Edge Technology sells some durn good lathe and mill accessories.





						Edge Technology
					

Edge Technology is an American company located in Southern Idaho. We pride ourselves on exceeding the high expectations of our customers. Our aim is to give you a competitive advantage by increasing the efficiency of your facility. Our products are specifically designed to decrease setup times...




					www.edgetechnologyproducts.com
				



I've bought their tool post drill chuck and their multi-axis stop.  My one gripe has been that neither one provides a nice way to store the necessary Allen wrench.  The multi-axis stop requires a hefty (I think 3/8"?) Allen wrench for the table lock and stop lock screws.  There's an almost-large-enough gap just below the upper crossbar.  So I used a 1/2" end mill to cut the web 1/4" deeper.  The Allen wrench hangs neatly in the widened gap when I "park" the stop at the edge of the mill table.

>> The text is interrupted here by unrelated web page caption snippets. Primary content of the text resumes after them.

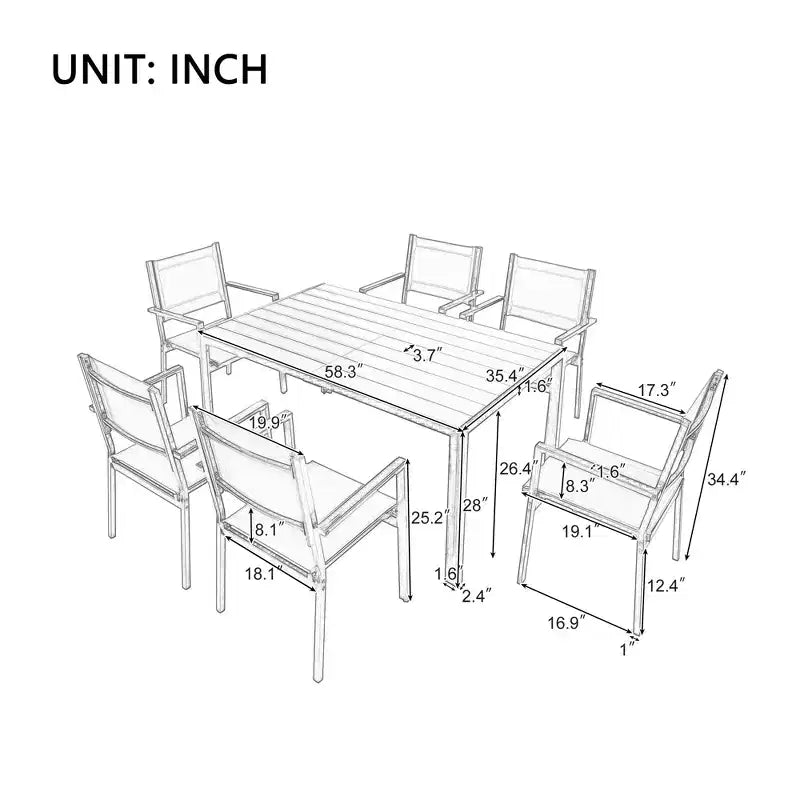 CLIHOME Set tavolo e sedie da esterno in acciaio da 7 pezzi, set da pranzo per patio, balcone, cortile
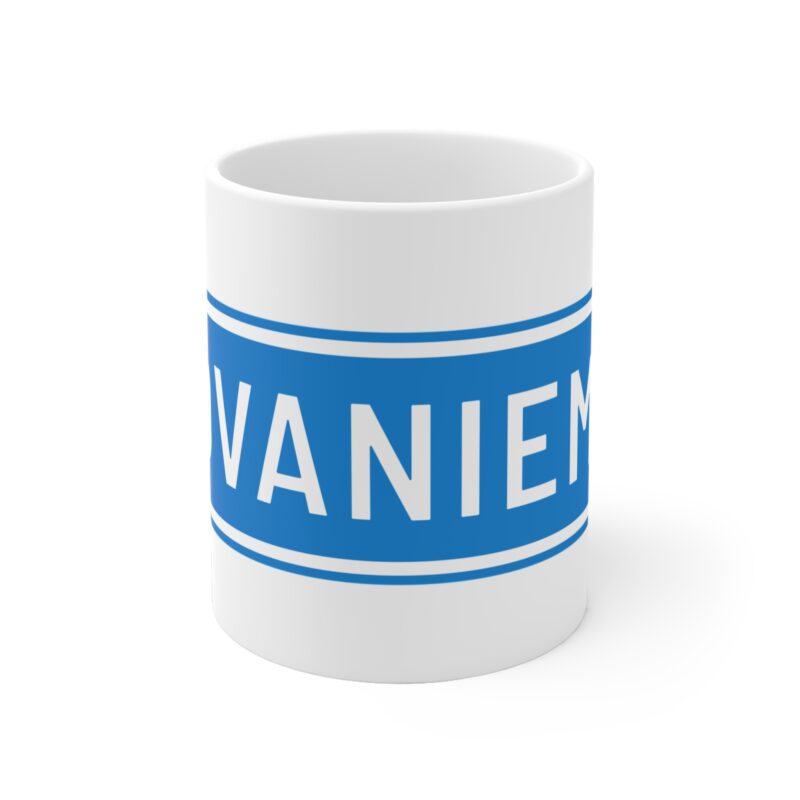 Ceramic coffee mug with minimalist blue and white directional sign reading “Rovaniemi”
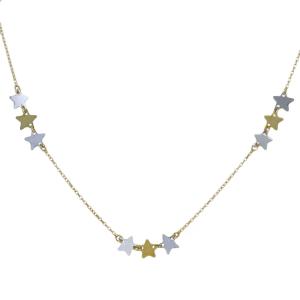 Collana con stelle a lastra sul girocollo in oro giallo e bianco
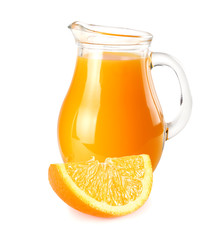 orange juice with orange isolated on white background. juice in jug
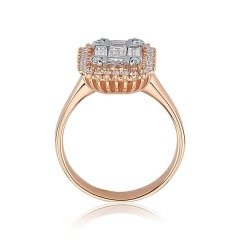 0.90 Karat Baget Pırlanta Yüzük F-SI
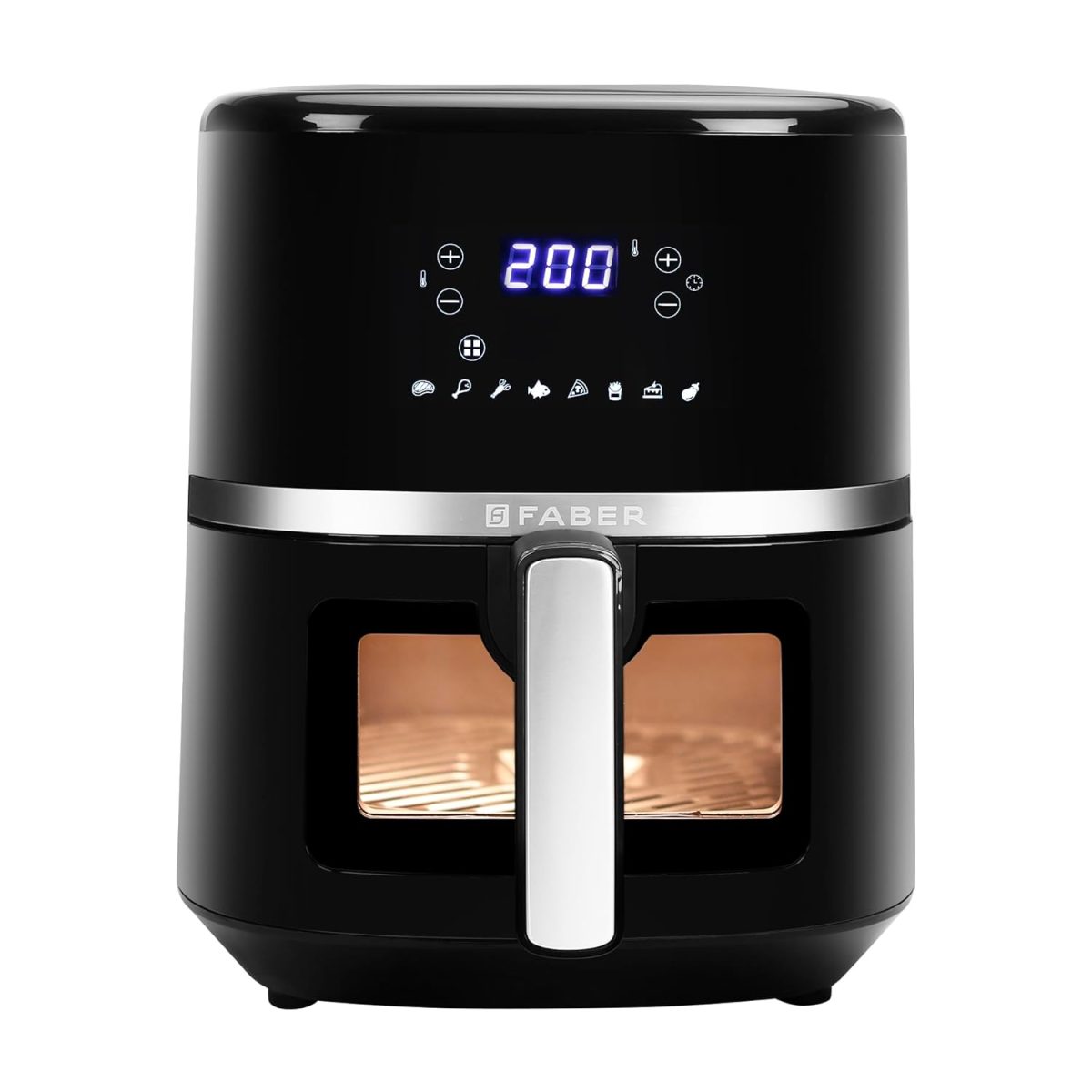 Faber 6L 1500W Digital Air Fryer | Fry, Bake, Roast, Toast, Defrost, Grill & Reheat | 85% Less Oil, 360° Air Cooking | 8-Preset Menu, LED Display & Touch Control, Non-Stick Pan, View Window | (Black) - Image 8
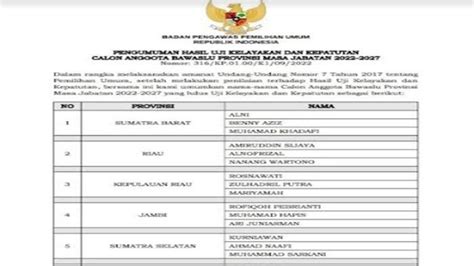 Daftar Nama Calon Anggota Bawaslu Sumsel Terpilih Periode 2022 2027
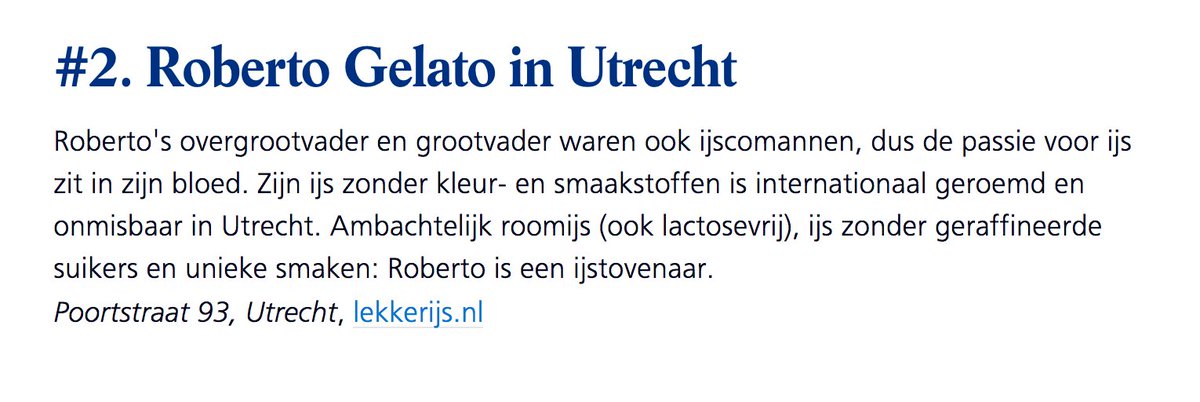ijsgek's tweet photo. De zomer komt eraan en de beste 10 IJSSALON van NL ook volgends @NS_online https://t.co/5iRs9leyeN #ijsgek #robertogelato #UTRECHT #lekkerijs #news https://t.co/b9nA9TnPPZ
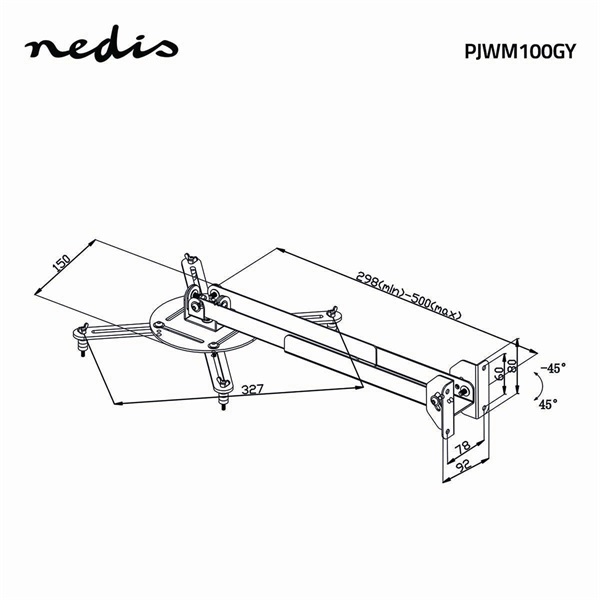 Nedis fali projektor tartó konzol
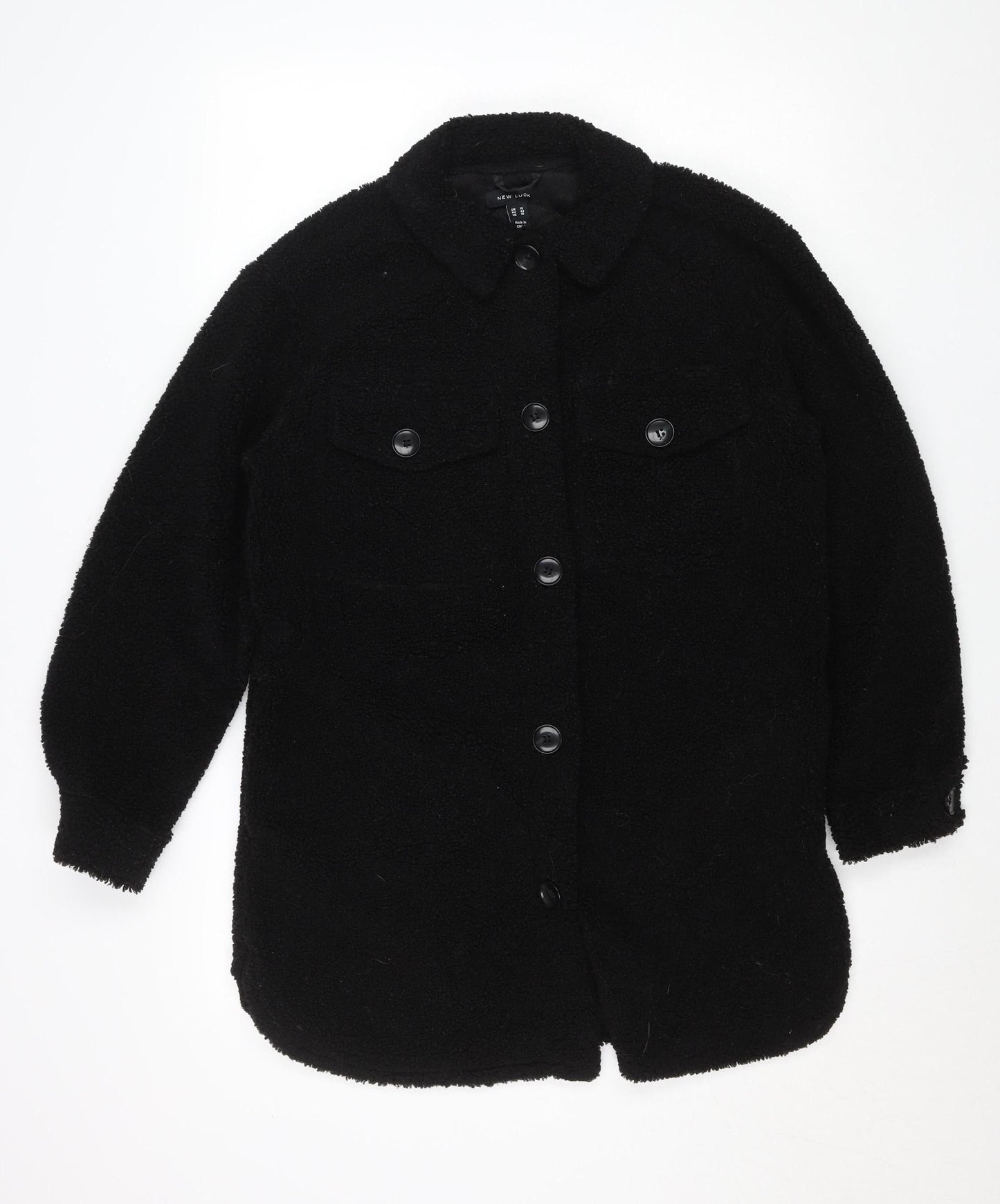 New Look Women's Black Fleece Button Jacket Size 14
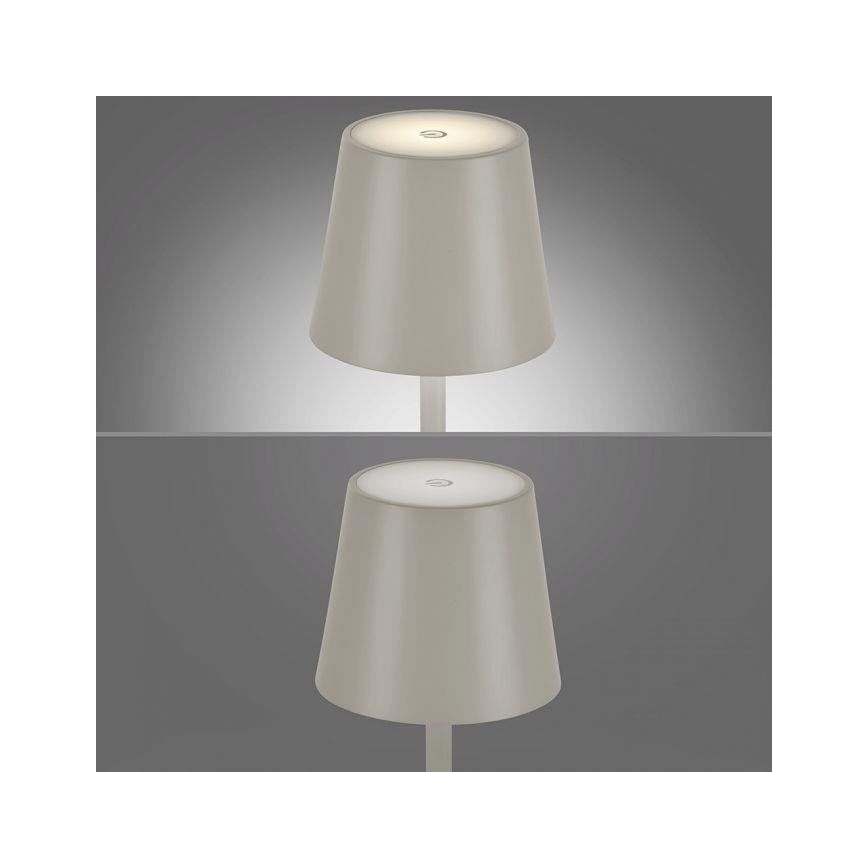 Leuchten Direkt 19250-40 - LED Zunanja zatemnitvena polnilna namizna svetilka EURIA LED/3W/5V 2600 mAh IP54 siva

I've previously posted about adding magnets to the tool post drill chuck.  Edge had the right idea when they provided a magnetized storage hole for the alignment pin ... just no similar arrangement for the Allen wrench.  I cut a groove in the upper "hump" and bored two holes slightly larger than 1/4" for some rare earth magnets.  Voila!  Convenient Allen wrench storage.


----------



## C-Bag (May 24, 2021)

Good job.

Make you wonder why everybody doesn’t make their tools with pocket holders? I’ve got those little HF neodymium button magnets all over with the corresponding allen wrench next to where it’s needed. Way better use for the several partial allen sets I have than sitting in the junk drawer. Convenience, what a concept.


----------



## hman (May 24, 2021)

Sort of a PS - I sent an FYI link to my post to Edge Technology.  Their response:



I do realize that implementing my tweaks would NOT be a trivial matter for established products, so I'm not expecting any kind of prompt action.  But maybe they can add them in next time they do a product update.


----------



## C-Bag (May 24, 2021)

I have tried giving input and always gotten the polite thanks or nothing. I would love to know what really happens. They don’t want to incorporate something because then they afraid you want a cut? Or they just don’t see the need? Or the automated re: system never tells anybody?

That was some of the only satisfaction I got out of the last wage slave tour was helping to improve a design. In my case I was the only one besides the field installers who knew the environment the machines were in and was familiar with the stuff that worked good and didn’t. I ran into a lot of ego in sales and engineering depts.


----------